Now Hear This: R.I.P. Or, You Know…Don’t.

It’s the second weekend of Coachella 2012. Since the Pixies reunion in 2004, Coachella’s big press opportunity each year has been a high profile band reunion. In 2012, I’m most disgustingly jealous of everyone who heads over to see Refused and At The Drive In.

Last weekend however, the spotlight was stolen by Tupac Shakur’s guest spot during Snoop Dogg’s set. I can’t even count the number of times the video showed up in my Facebook and Twitter feed with some sort of “AWESOME BRO!” comment.

The animation was incredible. Appearing perfectly three-dimensional, perfectly to scale and performing a perfect montage of his greatest hits, Tupac’s performance was the creepiest, most disrespectful musical performances I’ve ever seen.

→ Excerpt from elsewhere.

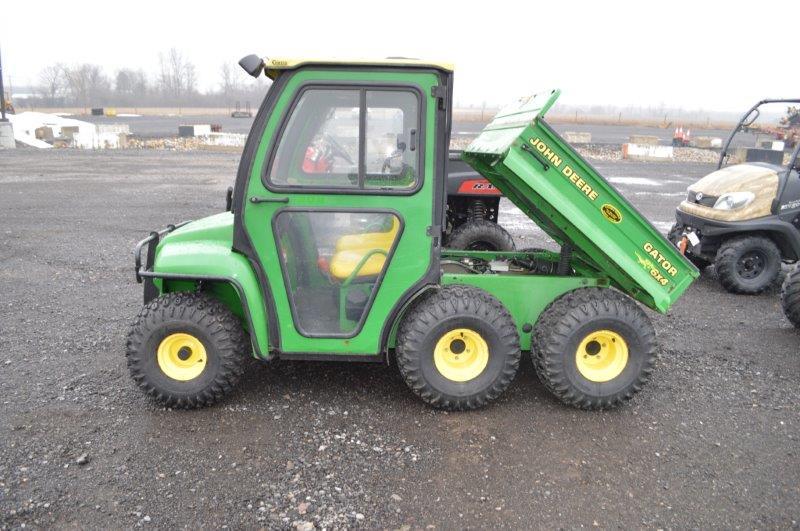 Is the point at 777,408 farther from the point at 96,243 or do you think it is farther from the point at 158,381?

What really bothers me is that Dr Dre and Snoop Dogg took it upon themselves to have a human being re-animated. And, what’s worse, they put words in his mouth! Tupac was killed 3 years before the first Coachella festival, and yet in 2012 he took the stage exclaiming, “What the fuck is up, Coachella!” The vocal line and animation was not a projection of a past performance. It was a complete fabrication.

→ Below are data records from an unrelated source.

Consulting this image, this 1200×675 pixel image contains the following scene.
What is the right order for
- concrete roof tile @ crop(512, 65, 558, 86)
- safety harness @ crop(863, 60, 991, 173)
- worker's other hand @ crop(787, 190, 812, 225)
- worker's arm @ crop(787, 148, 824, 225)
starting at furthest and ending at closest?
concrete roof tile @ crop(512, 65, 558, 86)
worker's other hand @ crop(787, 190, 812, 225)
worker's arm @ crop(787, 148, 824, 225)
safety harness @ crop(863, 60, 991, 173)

Most disturbing to me, is that the general public is eating this up. Has anyone stopped to consider that Tupac isn’t a character? He was a human being with a consciousness of his own. The “Tupac” performance was such a hit, that it’s now been suggested that we’re going to see “Michael Jackson” go on tour.

If my grandmother is ever brought back from grave with someone else’s words coming out of her mouth, I’m going to be pissed. Does celebrity mean that one loses the right to rest in peace? What do you think?

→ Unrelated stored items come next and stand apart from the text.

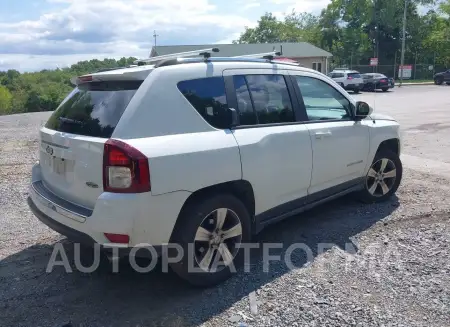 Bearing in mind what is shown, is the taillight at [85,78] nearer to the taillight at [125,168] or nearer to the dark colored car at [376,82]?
the taillight at [125,168]

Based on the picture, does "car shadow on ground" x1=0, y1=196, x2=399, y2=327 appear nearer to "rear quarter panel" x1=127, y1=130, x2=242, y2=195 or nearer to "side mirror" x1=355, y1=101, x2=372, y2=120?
"rear quarter panel" x1=127, y1=130, x2=242, y2=195

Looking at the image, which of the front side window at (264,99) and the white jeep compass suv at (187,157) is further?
the front side window at (264,99)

One Reply to “Now Hear This: R.I.P. Or, You Know…Don’t.”

  1. I don’t really see the difference between this and painted, printed, or glass-blown images depicting Jesus exiting his tomb (or doing anything else he probably didn’t do). I think the illusory notion that photography somehow captures the truth of our past (whereas painting is the factitious product of authorial imagination) is falling away in the age of digital photography and manipulation.

    While it is true that Tupac was a conscious, individual person (a term that doesn’t have a universal, trans-historical meaning), it is also true that, in this, the age of the spectacle, he *was* a “character” as well…and, to be honest, in our times of social mediation (e.g Facebook), aren’t we all mediated characters to some extent? Sure, we can claim that we have control over our own image (to a degree) insofar as we exercise editorial control over the mediated expression of ourselves (and choose, also, our audience – i.e. “friends” – a term,like “person,” that clearly doesn’t have a stable meaning or referent). But once a person dies, all those photographs, status updates, bank statements, credit card bills, personal collections,etc. remain for the reconstruction of that person as it suits the needs of the living (and there will be many among them, all with different memories, agendas, etc.). Now, most of the departed won’t be turned into a hologram and used to sell products, but how they are remembered won’t be any truer than the way the dead person thought of him or herself. So, the argument that *this* Tupac isn’t the real Tupac isn’t very persuasive, and while I feel a really good discussion can be had over the idea of “ownership” of a “person’s image,” and that we should be sensitive to, and critical of, the “image” and its power, I don’t think the most pressing danger is in the fabrication of a false past – that danger (or privilege) has always been with us.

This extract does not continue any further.